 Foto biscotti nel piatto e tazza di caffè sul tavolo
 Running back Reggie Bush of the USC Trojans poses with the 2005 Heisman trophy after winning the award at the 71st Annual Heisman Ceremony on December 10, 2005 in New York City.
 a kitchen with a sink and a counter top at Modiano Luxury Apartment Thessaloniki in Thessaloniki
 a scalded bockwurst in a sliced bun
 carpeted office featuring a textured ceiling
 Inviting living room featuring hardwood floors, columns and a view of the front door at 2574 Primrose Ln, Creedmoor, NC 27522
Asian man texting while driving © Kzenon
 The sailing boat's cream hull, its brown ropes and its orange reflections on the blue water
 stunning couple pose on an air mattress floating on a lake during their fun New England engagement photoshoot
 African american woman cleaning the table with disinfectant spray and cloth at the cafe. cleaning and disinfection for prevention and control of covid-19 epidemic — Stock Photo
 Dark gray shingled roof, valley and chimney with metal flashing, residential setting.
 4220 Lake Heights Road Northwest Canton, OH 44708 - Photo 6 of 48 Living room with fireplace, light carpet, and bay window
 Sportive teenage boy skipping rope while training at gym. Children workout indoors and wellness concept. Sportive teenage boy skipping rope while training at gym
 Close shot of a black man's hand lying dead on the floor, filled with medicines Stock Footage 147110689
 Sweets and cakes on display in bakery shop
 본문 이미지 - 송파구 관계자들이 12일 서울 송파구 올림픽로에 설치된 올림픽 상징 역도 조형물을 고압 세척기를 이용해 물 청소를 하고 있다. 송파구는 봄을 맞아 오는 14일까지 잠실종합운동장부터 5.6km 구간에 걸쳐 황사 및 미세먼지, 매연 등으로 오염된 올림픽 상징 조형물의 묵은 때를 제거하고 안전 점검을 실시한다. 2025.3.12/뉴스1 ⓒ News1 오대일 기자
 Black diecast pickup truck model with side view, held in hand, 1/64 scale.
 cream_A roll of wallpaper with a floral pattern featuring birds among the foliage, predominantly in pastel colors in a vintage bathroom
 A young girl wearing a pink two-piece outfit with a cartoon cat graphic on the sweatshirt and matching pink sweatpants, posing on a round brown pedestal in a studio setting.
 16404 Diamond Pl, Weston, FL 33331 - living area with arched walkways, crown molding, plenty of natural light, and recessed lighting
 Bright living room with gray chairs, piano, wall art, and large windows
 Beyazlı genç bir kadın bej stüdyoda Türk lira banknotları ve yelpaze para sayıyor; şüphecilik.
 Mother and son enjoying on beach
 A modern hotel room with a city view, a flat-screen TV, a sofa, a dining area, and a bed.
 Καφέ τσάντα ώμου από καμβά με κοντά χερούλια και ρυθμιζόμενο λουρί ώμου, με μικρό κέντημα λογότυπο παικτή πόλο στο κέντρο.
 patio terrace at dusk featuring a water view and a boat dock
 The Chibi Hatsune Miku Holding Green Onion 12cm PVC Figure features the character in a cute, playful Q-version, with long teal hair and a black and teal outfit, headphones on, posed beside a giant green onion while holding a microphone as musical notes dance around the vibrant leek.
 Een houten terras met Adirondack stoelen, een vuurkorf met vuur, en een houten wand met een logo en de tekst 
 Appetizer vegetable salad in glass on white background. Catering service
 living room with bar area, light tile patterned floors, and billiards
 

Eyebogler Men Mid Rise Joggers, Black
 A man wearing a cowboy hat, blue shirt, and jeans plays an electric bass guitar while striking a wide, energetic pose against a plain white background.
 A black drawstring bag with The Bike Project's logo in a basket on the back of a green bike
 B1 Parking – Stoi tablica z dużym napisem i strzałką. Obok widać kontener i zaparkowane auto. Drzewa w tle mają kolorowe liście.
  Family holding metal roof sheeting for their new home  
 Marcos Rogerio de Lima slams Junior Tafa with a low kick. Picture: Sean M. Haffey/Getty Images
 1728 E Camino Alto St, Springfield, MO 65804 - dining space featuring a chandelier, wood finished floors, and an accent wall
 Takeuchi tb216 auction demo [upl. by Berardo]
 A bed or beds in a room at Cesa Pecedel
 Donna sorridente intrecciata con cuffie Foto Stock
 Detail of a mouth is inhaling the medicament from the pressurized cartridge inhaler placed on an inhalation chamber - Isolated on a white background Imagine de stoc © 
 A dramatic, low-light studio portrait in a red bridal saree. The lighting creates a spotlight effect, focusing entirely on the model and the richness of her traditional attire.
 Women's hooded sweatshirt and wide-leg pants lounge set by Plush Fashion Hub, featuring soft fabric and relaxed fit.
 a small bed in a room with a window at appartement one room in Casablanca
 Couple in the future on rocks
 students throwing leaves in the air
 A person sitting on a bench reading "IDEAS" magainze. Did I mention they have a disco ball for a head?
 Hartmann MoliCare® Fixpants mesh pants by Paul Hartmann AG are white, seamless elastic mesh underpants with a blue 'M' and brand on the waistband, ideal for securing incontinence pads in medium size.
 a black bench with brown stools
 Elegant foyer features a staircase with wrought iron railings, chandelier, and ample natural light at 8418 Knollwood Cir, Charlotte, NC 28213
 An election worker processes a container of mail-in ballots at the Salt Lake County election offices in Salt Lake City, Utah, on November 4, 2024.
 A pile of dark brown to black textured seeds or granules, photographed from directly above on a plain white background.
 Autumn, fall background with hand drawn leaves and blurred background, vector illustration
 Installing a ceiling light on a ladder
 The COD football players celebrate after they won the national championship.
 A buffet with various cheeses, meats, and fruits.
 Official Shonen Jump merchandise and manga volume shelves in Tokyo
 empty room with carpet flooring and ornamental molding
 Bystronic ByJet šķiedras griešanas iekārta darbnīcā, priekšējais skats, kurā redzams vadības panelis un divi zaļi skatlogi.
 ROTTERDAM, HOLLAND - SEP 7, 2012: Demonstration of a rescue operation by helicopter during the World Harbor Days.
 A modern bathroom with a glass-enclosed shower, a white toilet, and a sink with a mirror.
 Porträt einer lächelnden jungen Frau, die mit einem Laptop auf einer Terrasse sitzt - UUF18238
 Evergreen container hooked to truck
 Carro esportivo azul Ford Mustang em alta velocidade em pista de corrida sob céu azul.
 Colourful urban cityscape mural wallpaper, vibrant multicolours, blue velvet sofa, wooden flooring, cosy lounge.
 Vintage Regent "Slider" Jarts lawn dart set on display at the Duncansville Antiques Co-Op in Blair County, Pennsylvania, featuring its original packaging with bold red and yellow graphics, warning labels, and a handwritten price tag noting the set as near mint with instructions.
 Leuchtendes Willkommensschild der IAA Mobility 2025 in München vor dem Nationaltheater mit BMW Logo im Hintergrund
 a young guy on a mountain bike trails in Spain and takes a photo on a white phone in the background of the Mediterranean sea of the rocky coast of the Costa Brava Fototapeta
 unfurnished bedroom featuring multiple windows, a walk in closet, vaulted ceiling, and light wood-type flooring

═══

=== PROMPT ===
Only one number is wanted: how many lines of the listing above hold the word "during".

=== SOLUTION TO THE PROBLEM ===
2